Molecular Biology and Origin of MERS-CoV
MERS-CoV is an enveloped, nonsegmented, single-stranded, positive-sense RNA virus. The MERS-CoV genome is composed of 30 119 nucleotides with at least 10 open reading frames (ORFs). 67 Two of the proposed ORFs (ORF1a and ORF1b) encode 16 nonstructural proteins important for virus replication. 67 The remaining ORFs encode structural and accessory proteins, including the envelope, membrane, nucleocapsid, and spike proteins. 67
Evidence suggests that the ancestor of MERS-CoV, potentially MERS-CoV itself, may be harbored by bats. Several reports have described a genetic link between MERS-CoV and other coronaviruses detected in bats. The lineage C betacoronaviruses Pipistrellus bat coronavirus HKU5 and Tylonycteris bat coronavirus HKU4 are genetically related to MERS-CoV and likely all emerged from a distant common ancestor centuries ago. 39 Lineage C betacoronaviruses identified in European and African Pipistrellus and Nycteris bats were determined to be genetically similar and phylogenetically related to MERS-CoV. 7 Additionally, in Bisha, Saudi Arabia, a few months after the first human case of MERS-CoV infection was documented, a 190-nucleotide fragment of a coronavirus RNA-dependent RNA polymerase gene was amplified from bat feces and shared 100% sequence identity with the original MERS-CoV isolate from the same geographic region. 45
Although MERS-CoV may have originated in insectivorous bats, humans do not commonly interact with these species, thus limiting the opportunities for viral transmission. Conversely, direct contact between humans and dromedary camels occurs on a regular basis in regions with high numbers of reported human MERS-CoV cases and dromedary camels have been implicated as a source for human MERS-CoV infections. Neutralizing antibodies against MERS-CoV, or a closely related virus, have been detected in dromedary camel serum samples collected from several Middle Eastern and African countries, with seropositivity dating back to 1983. † Moreover, MERS-CoV RNA has been identified in nasal and conjunctival swabs, milk, and, rarely, rectal swabs from dromedary camels. ‡ Although MERS-CoV seropositivity is more common in adult camels, MERS-CoV RNA is most often detected in nasal swabs from juvenile camels, suggesting that active infections typically occur in younger camels. 5,48 MERS-CoV infections in camels appear to be acute and transient. Most infected camels are asymptomatic; however, some camels develop rhinorrhea and an increase in body temperature. 1,10,16,43 Experimental inoculation of young adult dromedary camels with MERS-CoV has been shown to cause mild disease consisting of degeneration and necrosis of the respiratory epithelium in the upper and lower respiratory tract in the absence of pneumonia. 1 Viral antigen and high levels of infectious virus were detected in affected tissues, while the nasal turbinate respiratory epithelium was identified as the main site of virus replication. 1 High amounts of infectious virus were isolated from nasal discharge despite development of only mild clinical disease, 1 which may result in MERS-CoV infections in camels being overlooked, leading to undetected viral transmission among camels and between camels and humans.

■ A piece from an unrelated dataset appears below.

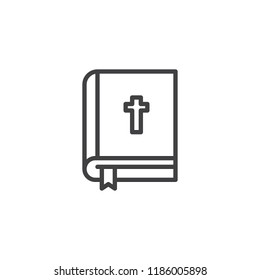 Holy bible book outline icon. linear style sign for mobile concept and web design. Bible with cross simple line vector icon. Symbol, logo illustration. Pixel perfect vector graphics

Epidemiologic data have suggested a link between MERS-CoV infections in camels and humans. Direct contact with camels or drinking of unpasteurized camel milk has been reported prior to MERS-CoV infection in some humans. 44,59 Genetically similar, or identical, viral sequences have been isolated from camels and individuals caring for these animals, with serologic data in one case providing evidence for camel-to-human transmission. 10,29,43 Although the exact mode of transmission between camels and humans is unknown, it is speculated that transmission may occur through direct contact, ingestion of unpasteurized camel milk, or contact with respiratory droplets or nasal secretions, which have been shown to carry high viral loads. 1,9,27,44 Despite the high prevalence of MERS-CoV in camels, viral transmission from camels to humans appears to be limited, and multiple countries with seropositive camels have yet to detect MERS-CoV infections in humans. 18,32,49
MERS-CoV Species Tropism and the Development of Animal Models of MERS-CoV Infection
Dipeptidyl peptidase 4 (DPP4; also known as CD26) has been identified as the receptor for the MERS-CoV spike protein (S) and is required for viral binding and entry into host cells. 60 DPP4 is a type II transmembrane glycoprotein that is expressed on epithelial and endothelial cells throughout the body. 38 Although DPP4 is evolutionarily conserved, differences in the amino acids present in its extracellular domain, which interacts with MERS-CoV S, have been noted among various animal species and humans. Specifically, 14 amino acids in DPP4 appear to be critical in determining whether the MERS-CoV S can bind to DPP4. 70 MERS-CoV S cannot bind to DPP4 in species that have significant differences in these 14 amino acids as compared with human DPP4 (hDPP4), such as ferrets, hamsters, and mice; thus, these species are resistant to infection. 21,40,62,69 Species with few or no differences in the 14 amino acids seem to be susceptible to MERS-CoV, including rhesus macaques, common marmosets, and camels. 25,50,69 In addition to analyzing the DPP4 amino acid sequence, evaluating the binding energies between MERS-CoV and DPP4 has proven useful in assessing whether MERS-CoV S can bind to DPP4 from different species. A low binding energy between DPP4 and MERS-CoV S has been associated with susceptibility to MERS-CoV infection, whereas high binding energies are reported between MERS-CoV S and DPP4 from nonpermissive species. 25,69 Determination of binding energies can guide the selection of animal species during development of animal models of MERS-CoV infection.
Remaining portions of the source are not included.